Exploring the theoretical upper temperature limit of alkenone unsaturation indices: Implications for paleotemperature reconstructions

The structural specificity, exceptional diagenetic stability, and linear response of unsaturation to temperature have made alkenones an indispensable tool for reconstructing past sea surface temperatures, with the well known U-37(K ') proxy widely applied in the past 40 years. However, U-37(K ') approaches unity at around 28 degrees C in cultures of Emiliania huxleyi (E. huxleyi), the most widely distributed alkenone producer in global oceans. Recent studies using surface sediments suggest U-38Me(K ') has similar to 1.5 degrees C higher upper temperature limits than U-37(K '). However, E. huxleyi generally does not grow above 28 degrees C. Gephyrocapsa oceanica (G. oceanica), on the other hand, is the dominant alkenone producer when sea surface temperature is above 22 degrees C and thrives in ocean regions such as the Pacific Warm Pool. So far there have been no culture data for G. oceanica above 29 degrees C to evaluate the temperature response of alkenone distributions and the (theoretical) upper temperature limit of alkenone unsaturation indices. Here we performed the first culture experiments on two strains of G. oceanica isolated from warm ocean sites at up to 32 degrees C: RCC6484 from the Pacific Warm Pool and RCC3483 from the South China Sea.
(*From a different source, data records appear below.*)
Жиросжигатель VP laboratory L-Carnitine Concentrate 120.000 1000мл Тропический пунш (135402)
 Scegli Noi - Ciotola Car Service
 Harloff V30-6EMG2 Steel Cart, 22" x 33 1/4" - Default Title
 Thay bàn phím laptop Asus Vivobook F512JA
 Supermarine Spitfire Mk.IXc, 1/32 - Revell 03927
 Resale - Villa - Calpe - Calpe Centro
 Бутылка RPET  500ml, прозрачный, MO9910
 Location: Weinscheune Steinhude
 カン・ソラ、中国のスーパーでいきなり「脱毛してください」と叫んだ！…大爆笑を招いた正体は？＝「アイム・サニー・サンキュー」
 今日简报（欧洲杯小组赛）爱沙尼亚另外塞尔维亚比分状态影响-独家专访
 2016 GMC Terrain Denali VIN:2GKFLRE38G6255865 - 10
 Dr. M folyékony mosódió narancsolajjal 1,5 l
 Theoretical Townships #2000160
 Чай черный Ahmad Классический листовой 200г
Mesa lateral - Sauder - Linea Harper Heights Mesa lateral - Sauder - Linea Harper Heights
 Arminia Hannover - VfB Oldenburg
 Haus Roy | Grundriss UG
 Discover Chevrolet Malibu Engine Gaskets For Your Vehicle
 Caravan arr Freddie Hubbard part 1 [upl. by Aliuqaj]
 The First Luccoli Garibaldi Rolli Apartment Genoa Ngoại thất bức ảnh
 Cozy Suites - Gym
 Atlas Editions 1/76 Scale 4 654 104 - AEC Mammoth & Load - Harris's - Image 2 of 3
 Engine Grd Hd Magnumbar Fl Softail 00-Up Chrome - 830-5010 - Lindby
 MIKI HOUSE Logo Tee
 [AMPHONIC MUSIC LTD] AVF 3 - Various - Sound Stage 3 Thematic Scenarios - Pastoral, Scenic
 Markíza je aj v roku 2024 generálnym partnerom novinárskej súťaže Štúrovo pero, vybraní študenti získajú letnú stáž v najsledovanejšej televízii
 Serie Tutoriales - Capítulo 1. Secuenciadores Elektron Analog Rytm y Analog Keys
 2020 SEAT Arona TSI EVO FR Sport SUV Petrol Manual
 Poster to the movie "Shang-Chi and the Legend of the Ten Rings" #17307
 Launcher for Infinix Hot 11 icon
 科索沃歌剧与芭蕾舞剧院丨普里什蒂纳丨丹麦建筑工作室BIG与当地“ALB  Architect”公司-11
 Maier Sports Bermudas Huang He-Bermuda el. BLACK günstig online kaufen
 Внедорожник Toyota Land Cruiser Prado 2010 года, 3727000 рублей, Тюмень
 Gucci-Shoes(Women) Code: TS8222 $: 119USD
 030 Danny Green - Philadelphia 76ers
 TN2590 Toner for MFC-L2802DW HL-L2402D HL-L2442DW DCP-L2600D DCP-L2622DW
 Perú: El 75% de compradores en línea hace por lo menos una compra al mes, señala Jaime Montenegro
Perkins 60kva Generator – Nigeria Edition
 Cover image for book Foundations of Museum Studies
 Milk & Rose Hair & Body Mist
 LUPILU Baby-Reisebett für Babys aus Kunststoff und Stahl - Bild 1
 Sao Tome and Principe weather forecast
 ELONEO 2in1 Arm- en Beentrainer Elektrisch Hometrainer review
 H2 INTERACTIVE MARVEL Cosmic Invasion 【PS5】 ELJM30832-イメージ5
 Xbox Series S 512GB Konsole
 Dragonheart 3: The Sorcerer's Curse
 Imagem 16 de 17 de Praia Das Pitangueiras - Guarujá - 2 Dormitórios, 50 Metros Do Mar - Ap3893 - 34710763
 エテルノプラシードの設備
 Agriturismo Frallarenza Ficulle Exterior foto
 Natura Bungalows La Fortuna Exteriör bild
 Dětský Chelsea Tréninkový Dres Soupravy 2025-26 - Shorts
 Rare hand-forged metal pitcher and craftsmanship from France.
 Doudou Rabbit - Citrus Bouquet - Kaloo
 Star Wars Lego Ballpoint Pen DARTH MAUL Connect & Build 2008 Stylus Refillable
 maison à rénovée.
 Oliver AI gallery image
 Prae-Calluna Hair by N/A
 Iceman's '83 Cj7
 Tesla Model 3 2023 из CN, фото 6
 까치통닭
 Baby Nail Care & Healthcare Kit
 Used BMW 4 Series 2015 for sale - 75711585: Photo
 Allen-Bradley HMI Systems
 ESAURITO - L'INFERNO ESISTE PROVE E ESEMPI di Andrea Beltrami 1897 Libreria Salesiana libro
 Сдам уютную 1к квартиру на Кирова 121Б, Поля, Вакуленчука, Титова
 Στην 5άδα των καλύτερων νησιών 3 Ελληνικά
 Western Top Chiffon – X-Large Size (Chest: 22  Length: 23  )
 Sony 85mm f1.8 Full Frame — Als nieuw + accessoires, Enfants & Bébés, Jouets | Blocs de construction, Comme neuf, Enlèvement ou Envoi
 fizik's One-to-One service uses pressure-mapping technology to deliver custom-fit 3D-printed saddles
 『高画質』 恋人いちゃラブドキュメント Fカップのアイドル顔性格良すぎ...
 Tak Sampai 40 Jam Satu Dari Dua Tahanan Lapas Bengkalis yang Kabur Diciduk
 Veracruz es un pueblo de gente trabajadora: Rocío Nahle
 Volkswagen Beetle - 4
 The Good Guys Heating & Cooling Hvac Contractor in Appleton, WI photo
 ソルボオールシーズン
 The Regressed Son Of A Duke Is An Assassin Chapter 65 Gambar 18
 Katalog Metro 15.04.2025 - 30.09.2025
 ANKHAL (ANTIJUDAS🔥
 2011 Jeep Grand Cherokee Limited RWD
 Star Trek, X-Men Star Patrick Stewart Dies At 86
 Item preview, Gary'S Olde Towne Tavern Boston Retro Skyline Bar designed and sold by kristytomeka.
We show both strains display higher growth rates at higher temperature, with the highest growth rates at 32 degrees C (the highest temperature we tested), although alkenone production per cell decreases as temperature increases. Importantly, 37 and U-38Me(K ') values of RCC6484 and RCC3483 continue to respond to temperature changes beyond 28 degrees C, although temperature sensitivity decreases significantly above 28 degrees C. Above 30 degrees C, U-37(K ') and U-38Me(K ') responses to temperature further diminish, limiting their potential for paleo-SST applications using the currently available analytical technology. The ratio of C-38:3 over C-38:2 methyl ketone is on average 11 times higher than the ratio of C-37:3 over C-37:2 from 24 to 32 degrees C, suggesting a greater potential of using U-38Me(K ') for paleotemperature reconstruction in high temperature settings.